De cette richesse, la presse suisse ne fait pas grand emploi. À peu d’exceptions près, elle se contente trop facilement de reproduire les communiqués officiels des armées et les communiqués officieux d’agences plus ou moins suspectes, inspirées par les gouvernements ou par les puissances occultes qui, plus que les chefs d’États, gouvernent aujourd’hui les États. Rarement elle cherche à discuter ces renseignements intéressés. Presque jamais elle ne fait place aux oppositions ; presque jamais elle ne laisse entendre les voix indépendantes, des deux côtés des tranchées[1]. La vérité officielle, dictée par le pouvoir, s’impose ainsi aux peuples avec la force d’un dogme ; et il s’est formé une catholicité de la pensée guerrière, qui n’admet point d’hérétiques. Le fait est étrange en Suisse, et particulièrement en cette république de Genève, dont les sources historiques et les raisons de vivre furent l’opposition libre et la féconde hérésie.

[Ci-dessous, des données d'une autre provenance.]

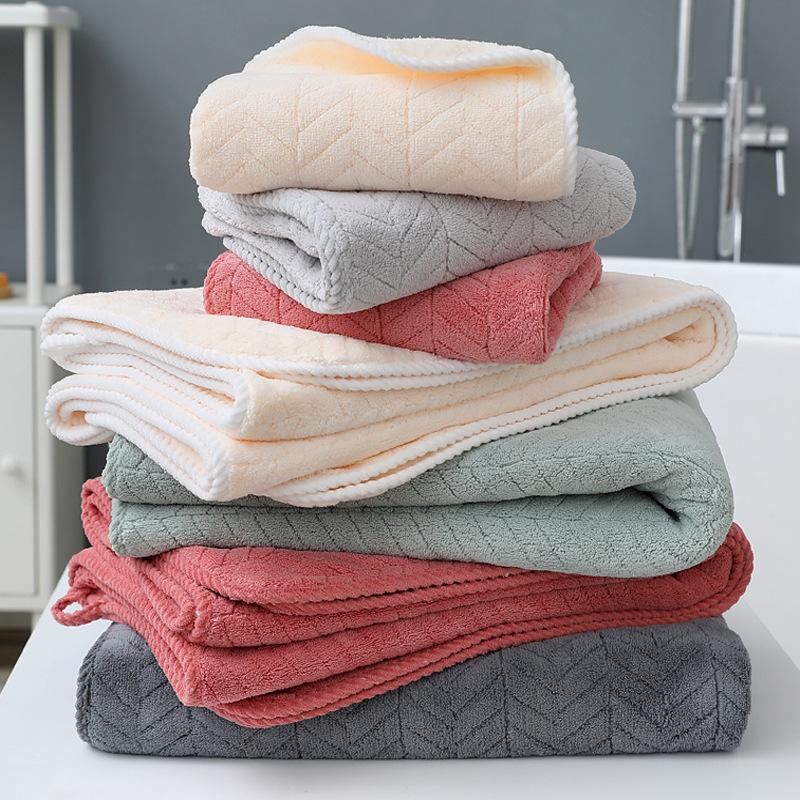 Thickened Coral velvet bath towel increases water absorption adult bath towel solid colordark grey soft affinity face towel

Nous n’avons pas à rechercher les causes psychologiques de cette élimination des pensées contraires au dogme officiel. Je veux croire que le parti pris y joue un moindre rôle que, chez les uns, ignorance des faits et manque de critique, — chez les autres vraiment instruits, négligence de contrôle ou timidité à reviser des

  1. Exception faite pour quelques voix allemandes, dont la plus haute est celle du professeur Fœrster. Mais il ne faudrait pas laisser croire que ces honnêtes gens soient le monopole de l’Allemagne, et qu’il n’en existe pas chez l’opposition d’en face, dans l’autre camp.